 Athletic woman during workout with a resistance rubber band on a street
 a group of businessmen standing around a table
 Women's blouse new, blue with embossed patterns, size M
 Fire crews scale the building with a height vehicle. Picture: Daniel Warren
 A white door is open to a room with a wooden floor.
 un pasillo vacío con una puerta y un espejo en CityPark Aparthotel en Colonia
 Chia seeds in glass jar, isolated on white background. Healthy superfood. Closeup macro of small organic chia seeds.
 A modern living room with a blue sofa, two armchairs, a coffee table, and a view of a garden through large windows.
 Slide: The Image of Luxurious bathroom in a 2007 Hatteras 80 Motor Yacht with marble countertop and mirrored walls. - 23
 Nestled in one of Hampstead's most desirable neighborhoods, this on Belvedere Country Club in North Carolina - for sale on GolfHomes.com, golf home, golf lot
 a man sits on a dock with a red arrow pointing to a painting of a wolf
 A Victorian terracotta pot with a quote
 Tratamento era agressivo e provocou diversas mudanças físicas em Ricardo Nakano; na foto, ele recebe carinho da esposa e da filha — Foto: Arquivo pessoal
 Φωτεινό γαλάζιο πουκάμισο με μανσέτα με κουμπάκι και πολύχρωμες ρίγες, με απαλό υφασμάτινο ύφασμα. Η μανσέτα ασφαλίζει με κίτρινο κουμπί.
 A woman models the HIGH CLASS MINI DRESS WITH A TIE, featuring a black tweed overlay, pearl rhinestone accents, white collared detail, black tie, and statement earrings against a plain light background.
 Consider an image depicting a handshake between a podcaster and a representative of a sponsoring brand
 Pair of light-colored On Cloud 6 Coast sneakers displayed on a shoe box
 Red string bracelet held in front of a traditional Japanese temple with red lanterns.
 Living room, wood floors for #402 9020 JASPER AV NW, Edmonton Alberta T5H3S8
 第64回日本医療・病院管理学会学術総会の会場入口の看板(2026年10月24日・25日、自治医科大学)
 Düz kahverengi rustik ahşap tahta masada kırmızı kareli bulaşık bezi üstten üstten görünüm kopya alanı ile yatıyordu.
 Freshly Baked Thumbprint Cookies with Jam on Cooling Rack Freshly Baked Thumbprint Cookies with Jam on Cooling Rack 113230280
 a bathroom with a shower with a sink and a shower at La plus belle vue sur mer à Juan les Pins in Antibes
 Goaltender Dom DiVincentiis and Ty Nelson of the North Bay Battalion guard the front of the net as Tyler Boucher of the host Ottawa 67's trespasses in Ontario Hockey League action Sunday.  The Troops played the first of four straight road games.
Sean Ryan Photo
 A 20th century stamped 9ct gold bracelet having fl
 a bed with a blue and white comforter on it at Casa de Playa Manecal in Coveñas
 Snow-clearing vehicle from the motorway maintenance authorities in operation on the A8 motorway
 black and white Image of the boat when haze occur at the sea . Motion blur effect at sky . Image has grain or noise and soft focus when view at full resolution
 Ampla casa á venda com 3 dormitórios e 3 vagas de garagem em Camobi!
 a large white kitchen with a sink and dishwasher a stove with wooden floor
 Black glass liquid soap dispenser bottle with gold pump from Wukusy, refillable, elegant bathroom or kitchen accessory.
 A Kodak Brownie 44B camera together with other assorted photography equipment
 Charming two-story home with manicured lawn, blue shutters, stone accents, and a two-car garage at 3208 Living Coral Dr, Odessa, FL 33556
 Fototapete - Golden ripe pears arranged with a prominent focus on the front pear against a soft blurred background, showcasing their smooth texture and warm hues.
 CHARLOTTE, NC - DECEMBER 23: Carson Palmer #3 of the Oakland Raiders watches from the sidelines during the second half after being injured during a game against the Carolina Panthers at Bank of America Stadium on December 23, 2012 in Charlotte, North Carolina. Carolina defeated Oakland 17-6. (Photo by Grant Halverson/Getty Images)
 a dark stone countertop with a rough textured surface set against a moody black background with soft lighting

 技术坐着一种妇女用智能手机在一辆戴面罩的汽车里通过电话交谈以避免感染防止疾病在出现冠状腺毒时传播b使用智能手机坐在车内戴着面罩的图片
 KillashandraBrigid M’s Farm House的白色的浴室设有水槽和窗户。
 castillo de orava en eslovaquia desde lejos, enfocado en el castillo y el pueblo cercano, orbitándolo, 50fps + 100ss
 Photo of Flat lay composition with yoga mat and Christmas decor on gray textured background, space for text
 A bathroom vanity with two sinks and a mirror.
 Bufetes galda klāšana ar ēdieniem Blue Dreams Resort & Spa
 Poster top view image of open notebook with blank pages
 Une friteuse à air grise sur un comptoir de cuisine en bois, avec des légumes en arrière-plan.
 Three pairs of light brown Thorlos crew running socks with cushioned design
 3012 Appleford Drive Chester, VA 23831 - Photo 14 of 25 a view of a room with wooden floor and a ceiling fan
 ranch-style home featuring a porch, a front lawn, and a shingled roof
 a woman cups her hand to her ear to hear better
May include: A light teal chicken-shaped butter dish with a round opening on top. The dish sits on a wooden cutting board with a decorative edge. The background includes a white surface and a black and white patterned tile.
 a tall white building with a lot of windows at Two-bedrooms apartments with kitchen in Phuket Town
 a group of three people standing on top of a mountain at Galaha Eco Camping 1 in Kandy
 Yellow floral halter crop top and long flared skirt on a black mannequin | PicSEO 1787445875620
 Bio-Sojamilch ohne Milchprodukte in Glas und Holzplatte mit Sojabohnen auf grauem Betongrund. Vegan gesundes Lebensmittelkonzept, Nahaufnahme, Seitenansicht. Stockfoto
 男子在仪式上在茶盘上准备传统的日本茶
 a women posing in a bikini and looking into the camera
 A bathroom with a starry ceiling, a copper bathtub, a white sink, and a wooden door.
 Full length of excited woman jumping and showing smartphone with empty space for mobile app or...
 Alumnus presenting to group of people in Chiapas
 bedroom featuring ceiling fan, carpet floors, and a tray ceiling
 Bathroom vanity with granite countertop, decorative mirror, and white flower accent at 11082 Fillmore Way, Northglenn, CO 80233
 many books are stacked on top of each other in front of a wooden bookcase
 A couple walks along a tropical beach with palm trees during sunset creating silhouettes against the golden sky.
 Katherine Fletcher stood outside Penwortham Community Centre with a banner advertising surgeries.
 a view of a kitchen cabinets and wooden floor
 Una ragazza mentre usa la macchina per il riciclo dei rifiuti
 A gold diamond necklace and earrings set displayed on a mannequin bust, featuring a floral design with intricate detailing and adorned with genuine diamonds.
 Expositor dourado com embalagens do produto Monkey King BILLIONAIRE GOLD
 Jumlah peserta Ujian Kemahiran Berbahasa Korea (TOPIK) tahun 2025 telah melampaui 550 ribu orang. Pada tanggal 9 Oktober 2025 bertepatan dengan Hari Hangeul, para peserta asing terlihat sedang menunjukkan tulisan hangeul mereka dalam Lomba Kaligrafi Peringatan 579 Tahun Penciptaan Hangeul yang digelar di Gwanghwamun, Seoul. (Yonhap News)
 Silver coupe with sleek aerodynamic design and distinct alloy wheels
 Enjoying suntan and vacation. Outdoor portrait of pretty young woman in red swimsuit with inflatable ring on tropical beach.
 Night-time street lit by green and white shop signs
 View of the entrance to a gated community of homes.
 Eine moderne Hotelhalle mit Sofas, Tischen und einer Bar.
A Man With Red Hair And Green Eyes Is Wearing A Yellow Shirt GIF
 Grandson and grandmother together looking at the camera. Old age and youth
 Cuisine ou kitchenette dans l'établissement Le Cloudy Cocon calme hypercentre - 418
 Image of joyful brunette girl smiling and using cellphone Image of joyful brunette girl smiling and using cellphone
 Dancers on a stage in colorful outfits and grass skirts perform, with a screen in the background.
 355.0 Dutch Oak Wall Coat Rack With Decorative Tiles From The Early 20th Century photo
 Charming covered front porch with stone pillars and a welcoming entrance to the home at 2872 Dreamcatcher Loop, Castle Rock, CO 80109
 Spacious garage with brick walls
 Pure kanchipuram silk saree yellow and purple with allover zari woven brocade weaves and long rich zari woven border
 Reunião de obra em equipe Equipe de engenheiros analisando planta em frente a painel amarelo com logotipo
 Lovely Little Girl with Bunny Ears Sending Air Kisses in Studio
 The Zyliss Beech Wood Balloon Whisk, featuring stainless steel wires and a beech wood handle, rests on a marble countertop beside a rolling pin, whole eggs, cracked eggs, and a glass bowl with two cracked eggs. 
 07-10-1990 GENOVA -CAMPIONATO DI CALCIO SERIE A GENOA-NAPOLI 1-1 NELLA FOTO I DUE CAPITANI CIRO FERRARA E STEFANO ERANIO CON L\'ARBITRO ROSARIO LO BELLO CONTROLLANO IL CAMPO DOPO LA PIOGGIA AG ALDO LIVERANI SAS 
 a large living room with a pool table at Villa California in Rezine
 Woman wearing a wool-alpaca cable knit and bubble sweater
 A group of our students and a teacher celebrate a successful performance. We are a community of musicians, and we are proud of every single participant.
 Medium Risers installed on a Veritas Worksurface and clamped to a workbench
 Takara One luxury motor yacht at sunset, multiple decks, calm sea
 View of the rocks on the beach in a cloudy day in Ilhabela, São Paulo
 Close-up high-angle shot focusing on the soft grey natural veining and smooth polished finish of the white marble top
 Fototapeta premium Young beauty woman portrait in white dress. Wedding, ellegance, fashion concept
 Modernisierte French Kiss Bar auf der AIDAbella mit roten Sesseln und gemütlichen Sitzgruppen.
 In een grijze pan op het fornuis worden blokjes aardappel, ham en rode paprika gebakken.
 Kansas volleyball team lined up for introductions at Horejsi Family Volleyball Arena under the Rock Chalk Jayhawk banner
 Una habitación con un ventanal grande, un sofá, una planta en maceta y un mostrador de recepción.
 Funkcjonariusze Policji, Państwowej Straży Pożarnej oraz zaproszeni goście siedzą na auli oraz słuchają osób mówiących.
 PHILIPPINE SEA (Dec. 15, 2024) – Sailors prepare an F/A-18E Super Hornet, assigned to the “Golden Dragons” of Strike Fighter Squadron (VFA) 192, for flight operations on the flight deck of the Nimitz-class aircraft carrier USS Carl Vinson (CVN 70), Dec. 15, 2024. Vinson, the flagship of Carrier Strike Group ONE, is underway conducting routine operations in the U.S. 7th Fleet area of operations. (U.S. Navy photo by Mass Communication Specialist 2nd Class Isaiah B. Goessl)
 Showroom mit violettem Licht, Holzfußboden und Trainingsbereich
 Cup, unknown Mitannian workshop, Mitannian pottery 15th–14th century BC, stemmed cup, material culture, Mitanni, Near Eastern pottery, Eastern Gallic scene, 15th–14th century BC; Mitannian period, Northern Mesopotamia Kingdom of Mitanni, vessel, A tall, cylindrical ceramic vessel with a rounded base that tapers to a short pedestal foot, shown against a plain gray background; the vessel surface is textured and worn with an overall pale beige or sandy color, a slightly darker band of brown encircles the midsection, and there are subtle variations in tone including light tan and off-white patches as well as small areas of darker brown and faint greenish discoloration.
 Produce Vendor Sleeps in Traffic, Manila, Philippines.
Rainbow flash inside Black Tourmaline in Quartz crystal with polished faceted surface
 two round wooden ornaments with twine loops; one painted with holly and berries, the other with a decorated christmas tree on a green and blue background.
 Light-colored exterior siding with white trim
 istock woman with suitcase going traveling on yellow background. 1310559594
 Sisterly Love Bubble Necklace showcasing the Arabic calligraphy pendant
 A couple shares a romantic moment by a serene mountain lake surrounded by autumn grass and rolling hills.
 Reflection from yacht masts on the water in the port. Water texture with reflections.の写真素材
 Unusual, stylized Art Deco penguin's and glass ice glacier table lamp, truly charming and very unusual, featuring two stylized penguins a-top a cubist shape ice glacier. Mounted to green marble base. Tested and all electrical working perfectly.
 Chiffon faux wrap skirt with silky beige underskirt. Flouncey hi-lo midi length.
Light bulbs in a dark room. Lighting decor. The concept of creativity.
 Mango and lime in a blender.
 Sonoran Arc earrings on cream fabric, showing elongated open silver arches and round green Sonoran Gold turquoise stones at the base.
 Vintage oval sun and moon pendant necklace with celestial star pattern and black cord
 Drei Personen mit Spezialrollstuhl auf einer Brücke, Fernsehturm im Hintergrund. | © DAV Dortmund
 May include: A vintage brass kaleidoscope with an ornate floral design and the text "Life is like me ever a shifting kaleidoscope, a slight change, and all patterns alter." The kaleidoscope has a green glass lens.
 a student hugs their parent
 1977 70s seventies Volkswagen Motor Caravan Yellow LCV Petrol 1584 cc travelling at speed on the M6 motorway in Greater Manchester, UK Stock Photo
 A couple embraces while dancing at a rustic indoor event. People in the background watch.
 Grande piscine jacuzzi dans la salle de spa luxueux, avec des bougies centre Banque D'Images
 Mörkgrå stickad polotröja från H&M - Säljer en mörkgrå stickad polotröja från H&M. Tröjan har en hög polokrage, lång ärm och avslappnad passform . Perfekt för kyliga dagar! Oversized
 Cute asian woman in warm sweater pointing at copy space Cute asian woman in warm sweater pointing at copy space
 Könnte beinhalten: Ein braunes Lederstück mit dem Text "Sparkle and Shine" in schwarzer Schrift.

▶ **Activity**
Please give the number of lines above in which the word "include" appears, without any other text.

▶ **Result of this task**
2